# Very unusual situation



## tkdan (Dec 2, 2008)

If you do not know my story basically my soon to be ex had an ongoing affair with a friend of mine. We were actually friends with this couple, they have sense divorced because of the affair. Lately me and the OM's ex have been talking. We were always friends and we never thought of each other in any other way. So we have been talking and seem to be hitting it off well. We have been talking about dating each other when my divorce is final. To me this seems like an unusual situation. I was just wondering if anyone else has had experience with this type of situation? It seems kind of strange but at the same time we make each other happy.


----------



## GPR (Jan 3, 2009)

My wife has an aunt that had this same thing happen. They were friends with a couple. Her husband cheated with the other wife. Both couples divorced, her husband and the other wife got married. Her aunt and the other husband hit it off and dated. They eventually got married, and have been now for 10+ years. The ex's that cheated divorced shortly thereafter. I think they found a connection do to having shared the hurt that was caused...


----------



## swedish (Mar 6, 2008)

GPR said:


> I think they found a connection do to having shared the hurt that was caused...


:iagree:

The first guy I dated after I divorced had also just gone through a divorce...not that we sat around talking about that all the time but it's how our friendship started.


----------



## tkdan (Dec 2, 2008)

Yeah I can see where having so much in common due to being betrayed by a spouse and a friend does make a connection.
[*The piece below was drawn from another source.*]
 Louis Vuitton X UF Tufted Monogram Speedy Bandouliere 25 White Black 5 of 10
I guess it only makes sense that it is not unheard of.


----------



## Sandy55 (Jun 3, 2009)

GPR said:


> My wife has an aunt that had this same thing happen. They were friends with a couple. Her husband cheated with the other wife. Both couples divorced, her husband and the other wife got married. Her aunt and the other husband hit it off and dated. They eventually got married, and have been now for 10+ years. The ex's that cheated divorced shortly thereafter. I think they found a connection do to having shared the hurt that was caused...
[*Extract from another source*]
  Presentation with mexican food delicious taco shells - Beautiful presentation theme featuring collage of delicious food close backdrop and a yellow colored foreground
Reading this I feel dizzy and my head is swimming...:rofl: I could not do this in a million years. It just is, well, icky to me!


----------



## michzz (Jun 6, 2008)

Couldn't do such a thing. Would be a constant reminder of negatives and who wants to have sex with someone that would remind you of the person who wrecked your marriage?

I realize it is not that person, just too weird for me.

No reminders, off to greener pastures in such situation. to where there are no reminders.


----------



## Sandy55 (Jun 3, 2009)

michzz said:


> Couldn't do such a thing. Would be a constant reminder of negatives and who wants to have sex with someone that wuld remind you of the person who wrecked your marriage?
> 
> I realize it is not that person, just too weird for me.
> 
> No reminders, off to greener pastures in such situation. o where there are no reminders.


:iagree::iagree::iagree:

Who wants a relationship built on sadness and pain. 
Whoa. I guess it would be a good "cry in your beer" buddy, huh? Rather "Cry in bed buddy". :rofl::rofl: Yuk.


----------



## GPR (Jan 3, 2009)

In this situation, both of the couples were in trouble before hand. Basically, it was kind of like the two "bad apples" got together, and then the two "good apples" ended up together. They both went through a lot of hard times (even before the cheating) that when they got together, they had been through so much, that I guess they both learned exactly what NOT to do, and they just worked very well with each other. If you ask them now, it's not a reminder of "what used to be", they think of it as almost a blessing that it happened.


----------



## tkdan (Dec 2, 2008)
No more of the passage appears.